Pete Carroll thinks experience is starting to tell. As the season neared the end and the playoffs approached, the defense began to play its best.

NFL fans just witnessed the highest-scoring regular season in history, 46.8 points per game, breaking a 64-year-old record.  On the other hand, there's the Seahawks defense, which in its final five games gave up an average of a 10.4 points a game. Therein lies the intrigue.

In terms of fewest points allowed in a 16-game season, the best defense was the 2000 Baltimore Ravens of Ray Lewis and Rod Woodson. They gave up an average of 10.1 points a game that season. So the Seahawks, in the late going of 2013, beat down at a near-record rate a league whose offenses have never been more prolific.

That's not saying the Seahawks defense rates with the greats — yet. But they are getting better, because during a midseason stretch of four games where they gave up an average of 25 points, they were failing at fundamentals.

"We realized that we were going into the wrong direction," Pete Carroll said Monday. "We were not playing really good, solid football fundamentally. It wasn't scheme-wise, although that was part of it.

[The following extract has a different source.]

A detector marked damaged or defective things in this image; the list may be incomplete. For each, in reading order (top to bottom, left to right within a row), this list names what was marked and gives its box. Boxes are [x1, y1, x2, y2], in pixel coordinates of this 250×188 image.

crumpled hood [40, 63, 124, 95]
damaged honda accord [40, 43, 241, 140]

"It's was the fundamentals of the game — all of the things that make up the high level of play that you've seen. We really stressed it. I think maybe the Tampa game (Nov. 3, when the Seahawks won 27-24 after being down 21-0 at the half) was probably when we turned it. It was really (about) running, hitting, tackling, leverage and pursuit, and block protection — all of those things that are so necessary. We wanted to be the best fundamental team in the league.

"We're going to try to win with fundamentals and see if that doesn't show up here at the end."

Sometimes it's hard for fans to imagine that professional players who have played so well can drift, for games at a time. But that's where good coaching comes in, particularly when it's realized that the Seahawks are, by average age, the fourth-youngest team in the NFL.

Carroll recalled an observation by the late Bill Walsh, the premier coach of the 49ers and Stanford Cardinal.

"He said, ‘It takes five years before you can really bank on the experience of being together,’ " Carroll said. "He referred to that as the reservoir of experiences that you have that you can draw on. When you’re faced with adjustments and adaptations, you’ve been through it before. So you can swiftly make the changes.

"So (after) four years, we’re getting there. It hasn’t been everybody for four years, but there’s a nucleus of the guys that have been with us. They know our language well. They trust the background and history.  So we can make sense of things very quickly. Communication is so much clearer. It facilitates all of those things that you have to undertake to adjust, and get better all of the time. So I think that’s what’s going on here."

The evidence backing Carroll's explainer about how familiarity can breed success is the seamless transition the defense has made from the losses of cornerbacks Brandon Browner and (the now returned) Walter Thurmond and linebacker K.J. Wright. Backups —such as LBs Malcolm Smith and Mike Morgan, and CBs Vernon Maxwell and Jeremy Lane— have made contributions that, far from being more vulnerable, have made the defense more solid.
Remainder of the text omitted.